For the Australian Fixed Income team, credit is a key pillar of alpha generation across all portfolios that we manage. Our process focuses on using credit to add stable income to portfolios, which means we endeavour to avoid shocks by avoiding “losers” in the credit markets. ESG is an important consideration in this respect as weak ESG practices lead to heightened risks, due to poor business practices, consumer blowback, and weak governance. As a result, ESG is essential to determining our investable universe with respect to credit.
We implement ESG across our portfolios by first using a negative screen, removing issuers that we believe do not exhibit robust ESG practices. In order to do this, we assess each company across environmental, social and governance factors, predominantly focusing on the issue that is most relevant to the industry the company operates in.

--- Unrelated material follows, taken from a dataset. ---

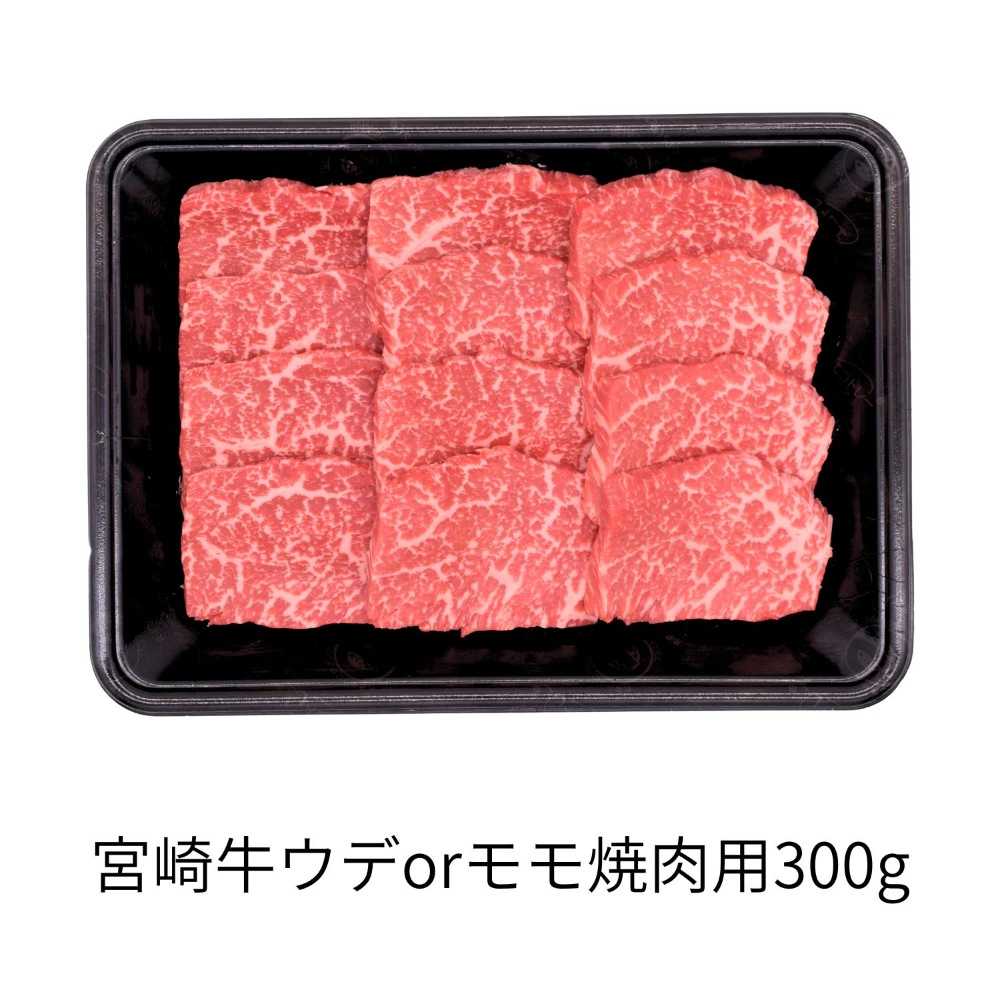 【期間限定】ミヤチク 牛・豚・ハンバーグよくばりセット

A score is set for each issuer for all three ESG factors, and this is based on MSCI’s ESG ratings data, industry-wide risks, rating reports, issuer/management meetings, and additional analysis conducted by the credit team. Each company is assigned a rating from 1 to 5, with 5 representing best-in-class ESG practices and 1 meaning avoid.
Those securities that score a 1 in the ranking process will be excluded from portfolios based solely on ESG considerations. Historically, we have also excluded any issuer rated CCC by MSCI. We believe this process works as credit makes up less than 10% of the Australian composite investment universe, meaning we screen out only a small percentage (less than 0.5%) while also ensuring the exposures that make it into the fund are responsible ESG investments.